Task statement |
An acceptable answer repeats exactly the line with "Kebutuhan Dasar Manusia" and each line after it through the end of the entries, and includes nothing else.

* * *

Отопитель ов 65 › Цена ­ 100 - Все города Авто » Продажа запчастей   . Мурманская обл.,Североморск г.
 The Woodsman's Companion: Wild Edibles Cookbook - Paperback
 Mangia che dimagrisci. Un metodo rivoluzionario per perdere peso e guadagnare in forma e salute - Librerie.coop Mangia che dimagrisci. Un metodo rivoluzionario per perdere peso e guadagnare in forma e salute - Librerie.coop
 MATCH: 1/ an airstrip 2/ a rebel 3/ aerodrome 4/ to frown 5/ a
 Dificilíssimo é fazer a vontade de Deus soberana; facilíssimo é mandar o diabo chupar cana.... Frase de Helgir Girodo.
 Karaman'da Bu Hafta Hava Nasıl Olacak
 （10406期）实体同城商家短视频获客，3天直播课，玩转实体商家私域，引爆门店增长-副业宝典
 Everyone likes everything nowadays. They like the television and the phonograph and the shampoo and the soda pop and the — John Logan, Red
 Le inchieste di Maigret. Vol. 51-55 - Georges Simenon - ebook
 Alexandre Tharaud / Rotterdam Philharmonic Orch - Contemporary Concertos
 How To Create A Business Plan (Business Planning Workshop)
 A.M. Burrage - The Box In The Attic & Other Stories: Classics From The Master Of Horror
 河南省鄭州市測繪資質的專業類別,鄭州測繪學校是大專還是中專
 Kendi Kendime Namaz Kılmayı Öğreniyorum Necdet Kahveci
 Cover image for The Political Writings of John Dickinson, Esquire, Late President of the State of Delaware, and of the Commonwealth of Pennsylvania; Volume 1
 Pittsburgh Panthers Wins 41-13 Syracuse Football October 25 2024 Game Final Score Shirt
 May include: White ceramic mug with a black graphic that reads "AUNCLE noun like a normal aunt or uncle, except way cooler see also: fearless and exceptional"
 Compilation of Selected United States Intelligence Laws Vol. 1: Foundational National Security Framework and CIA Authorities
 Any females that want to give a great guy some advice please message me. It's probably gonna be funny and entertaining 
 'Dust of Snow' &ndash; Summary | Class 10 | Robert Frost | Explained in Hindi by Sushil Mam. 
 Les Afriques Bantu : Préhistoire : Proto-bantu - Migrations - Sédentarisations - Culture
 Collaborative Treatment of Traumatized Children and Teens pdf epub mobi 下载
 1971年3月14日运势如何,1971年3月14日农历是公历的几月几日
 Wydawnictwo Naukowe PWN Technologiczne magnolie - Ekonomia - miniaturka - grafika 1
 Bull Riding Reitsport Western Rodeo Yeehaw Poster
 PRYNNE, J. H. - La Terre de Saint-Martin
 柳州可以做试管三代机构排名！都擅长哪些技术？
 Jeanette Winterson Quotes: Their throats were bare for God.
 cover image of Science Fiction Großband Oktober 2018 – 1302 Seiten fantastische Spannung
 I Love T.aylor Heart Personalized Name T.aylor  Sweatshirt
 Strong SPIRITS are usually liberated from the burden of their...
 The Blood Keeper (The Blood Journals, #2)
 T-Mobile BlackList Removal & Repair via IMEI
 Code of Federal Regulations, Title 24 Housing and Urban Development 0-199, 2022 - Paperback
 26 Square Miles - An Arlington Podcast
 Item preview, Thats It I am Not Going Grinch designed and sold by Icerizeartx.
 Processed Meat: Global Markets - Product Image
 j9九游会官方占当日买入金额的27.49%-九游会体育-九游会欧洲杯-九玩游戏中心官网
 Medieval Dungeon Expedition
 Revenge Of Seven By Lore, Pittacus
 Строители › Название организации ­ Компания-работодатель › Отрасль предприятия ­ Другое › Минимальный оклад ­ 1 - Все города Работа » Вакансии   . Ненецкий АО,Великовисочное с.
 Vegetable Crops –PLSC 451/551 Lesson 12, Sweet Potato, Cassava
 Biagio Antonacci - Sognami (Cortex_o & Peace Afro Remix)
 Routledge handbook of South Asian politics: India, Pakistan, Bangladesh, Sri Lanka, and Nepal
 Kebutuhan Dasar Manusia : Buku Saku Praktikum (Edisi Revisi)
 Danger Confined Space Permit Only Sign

* * *

Answer for this exercise |
 Kebutuhan Dasar Manusia : Buku Saku Praktikum (Edisi Revisi)
 Danger Confined Space Permit Only Sign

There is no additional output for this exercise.